Start of RECORDS PROVIDED

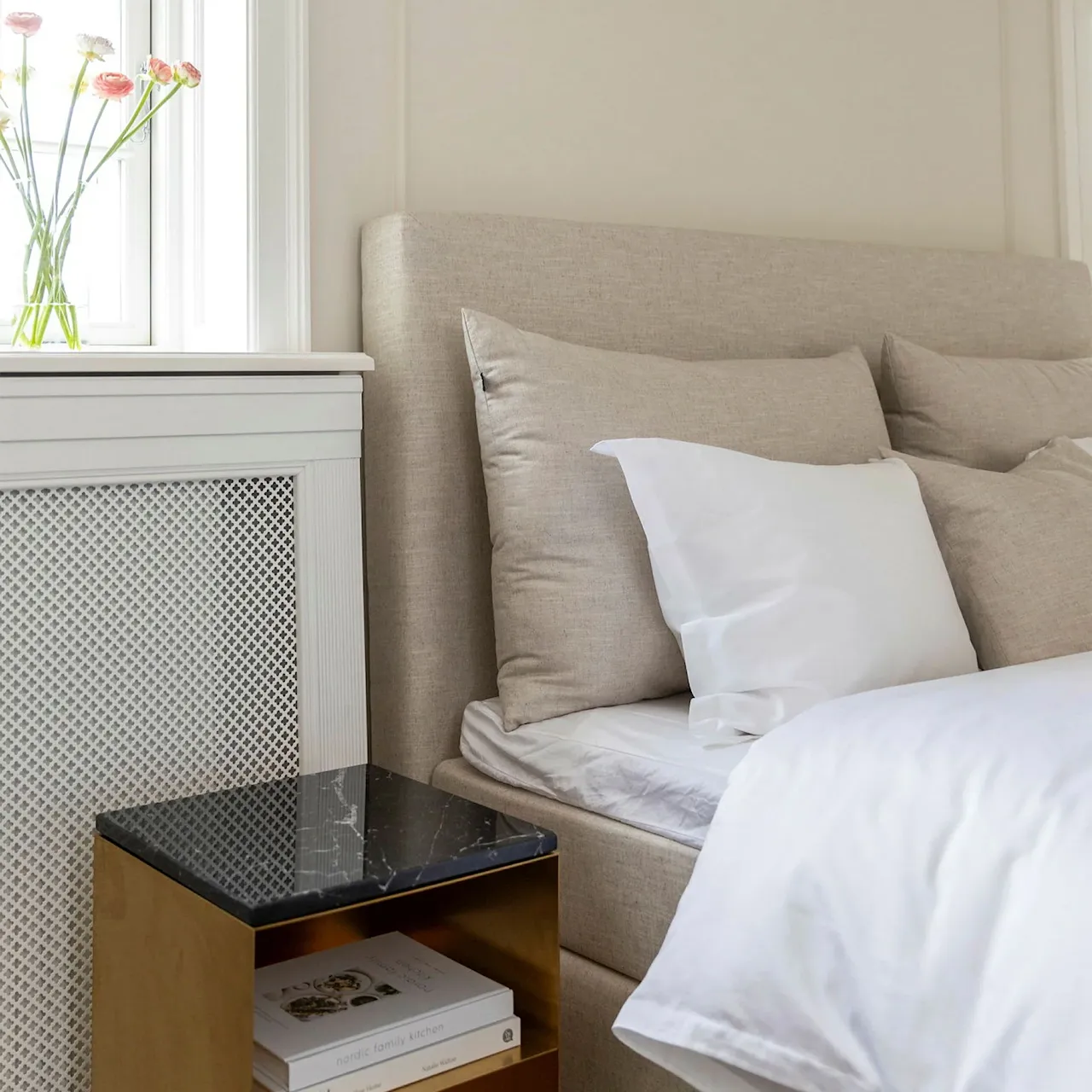 Rivö Headboard
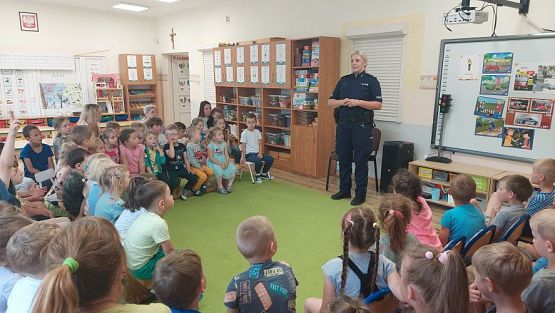 Grafika #14: 15.06.2023 Spotkanie z policjantką nt. " Bezpieczne wakacje"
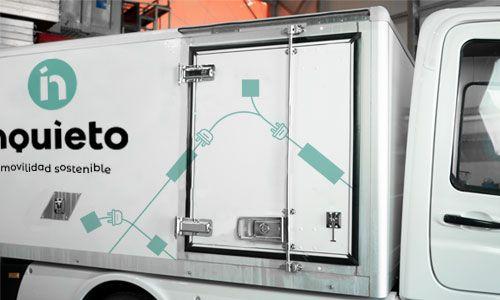 Compact electric van Cenntro Metro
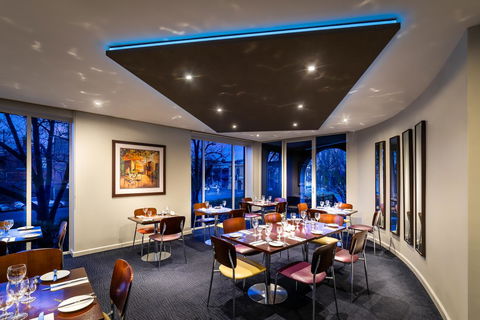 BEST WESTERN PLUS Travel Inn - Foster Accommodation 4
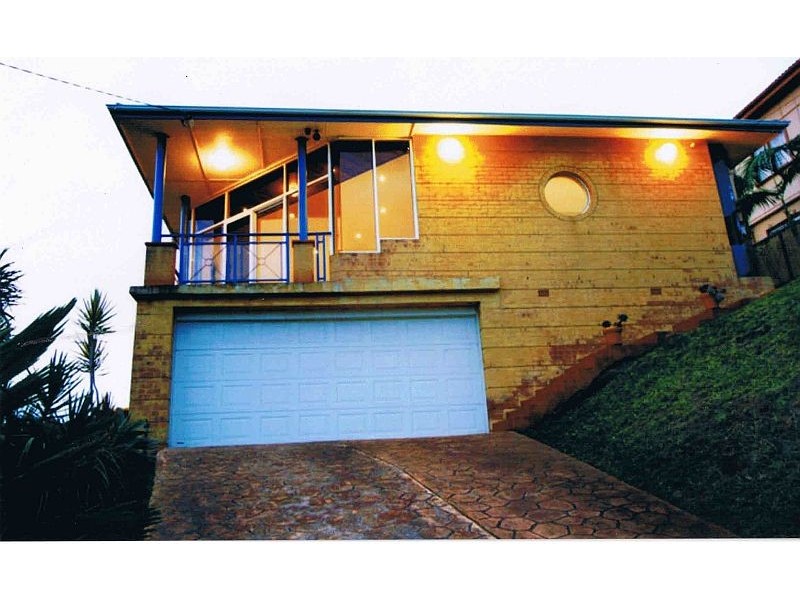 308 Flagstaff Road, Lake Heights NSW 2502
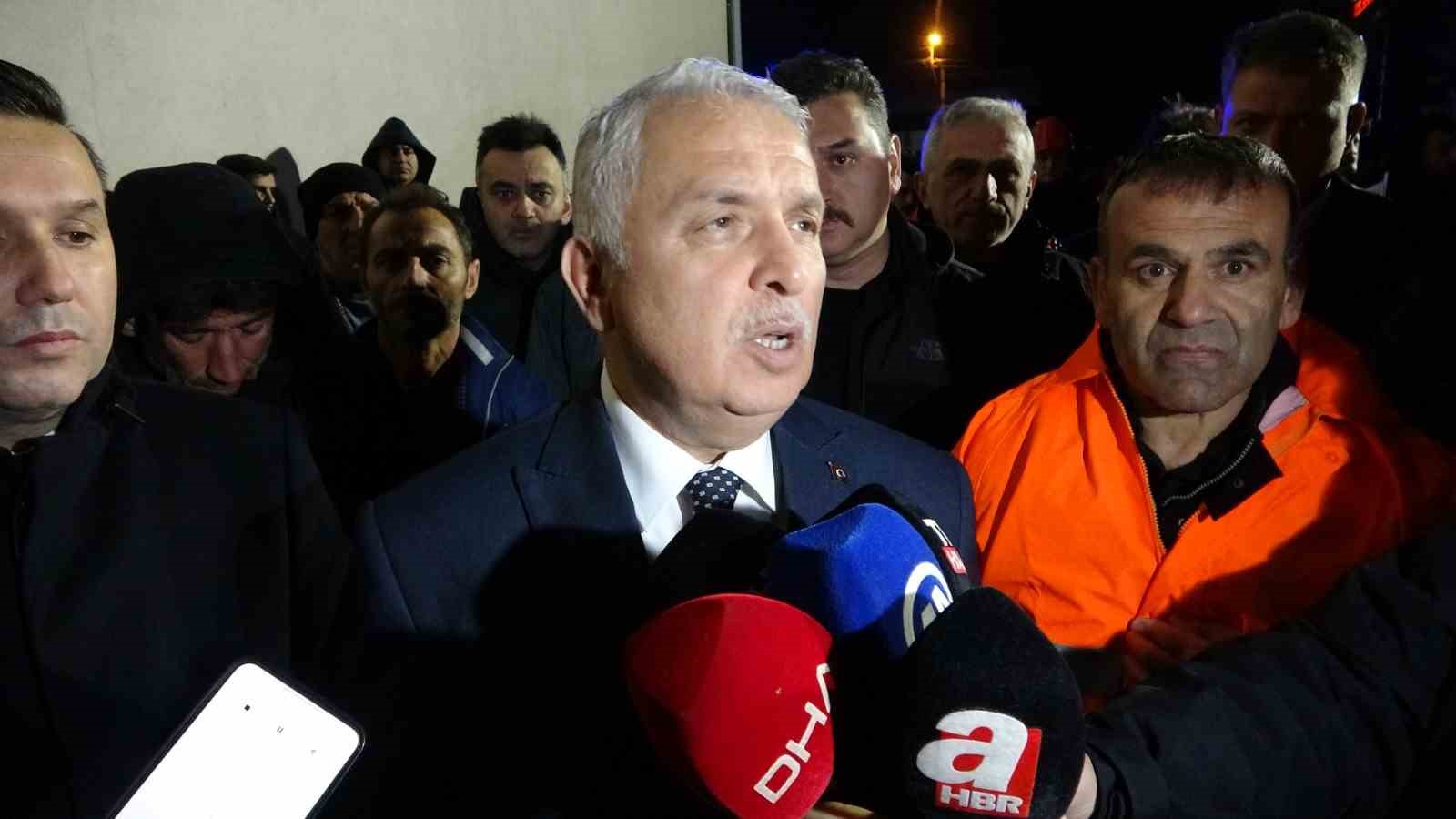 Trabzon Valisi Aziz Yıldırım: “Burada herhangi bir teknik yetersizlik veya zafiyet söz konusu mu bunlar incelenecek”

End of RECORDS PROVIDED

### WHAT TO PRODUCE:
All of the entries above should be copied exactly, with the images left out.

### ANSWER TO THE EXERCISE:
 Rivö Headboard
 Grafika #14: 15.06.2023 Spotkanie z policjantką nt. " Bezpieczne wakacje"
 Compact electric van Cenntro Metro
 BEST WESTERN PLUS Travel Inn - Foster Accommodation 4
 308 Flagstaff Road, Lake Heights NSW 2502
 Trabzon Valisi Aziz Yıldırım: “Burada herhangi bir teknik yetersizlik veya zafiyet söz konusu mu bunlar incelenecek”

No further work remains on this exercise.